Hive Windowing : distinct results on partition


Hello I was learning WINDOWING functionality of Hive, and came across a problem.

I was trying to find the number of customer in a month:

my_table:

  • date_in_out: date of acquisition
  • rate_plan_name : string
  • stock: int
  • incomers: int

I do a partition on 3 variables: the year / month of acquisition and rate_plan


SELECT (first_value(stock) OVER w + sum(incomers) OVER w) AS stock_monthly,
year(date_in_out) AS year_in,
month(date_in_out) AS month_in,
rate_plan_name
FROM my_table
WINDOW w AS (PARTITION BY rate_plan_name, year(date_in_out), month(date_in_out) ORDER BY date_in_out ASC);

I got the result

enter image description here

I get different monthly_stock values, whereas year_in / month_in and rate_plan_name are the same in my dataset.

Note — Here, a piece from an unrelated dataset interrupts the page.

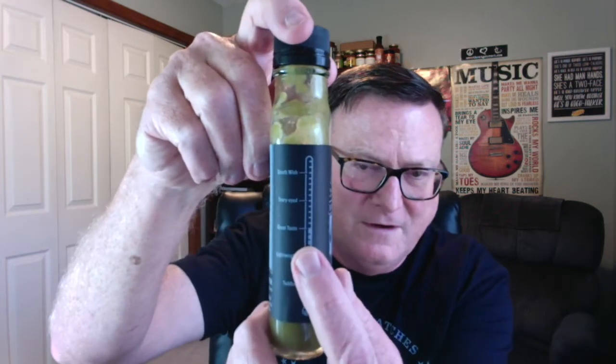Let's go ahead and get into the Mean Green. They've got this one rated right there in the middle with Great Taste. It starts off with Toddler, Lightweight, Great Taste, Teary-Eyed, and then Death Wish at the very top. But this is right in the middle with Great Taste.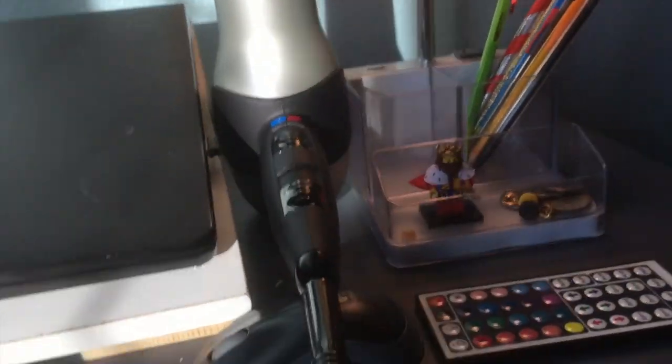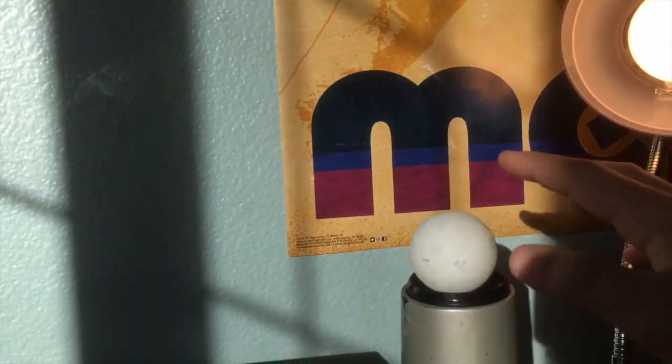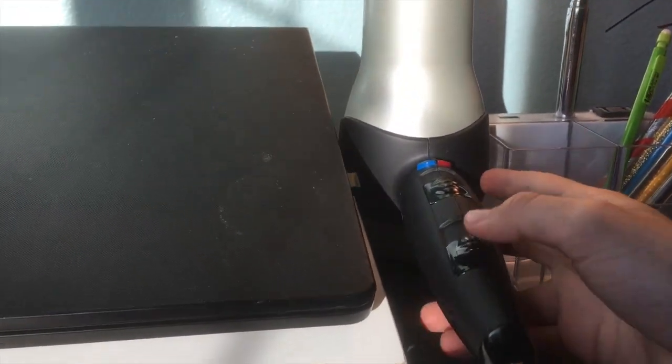All you need is a blow dryer and a ping pong ball. First step, you're going to want to put your blow dryer in a straight place, then get your ping pong ball, put it on top of the blow dryer, and then turn it on.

My question is why is this value different ? I would expect it to the same here.


Solution

  • With an order by date_in_out in the window specification, sum gets computed for every row. If you need it aggregated at a year month level, use

    WINDOW w AS (PARTITION BY rate_plan_name, year(date_in_out), month(date_in_out))
    

    But note that first_value still needs an order by.

    I think you are looking for,

    SELECT first_value(stock) OVER(w ORDER BY date_in_out) + sum(incomers) OVER w AS stock_monthly,
    year(date_in_out) AS year_in,
    month(date_in_out) AS month_in,
    rate_plan_name
    FROM my_table
    WINDOW w AS (PARTITION BY rate_plan_name, year(date_in_out), month(date_in_out))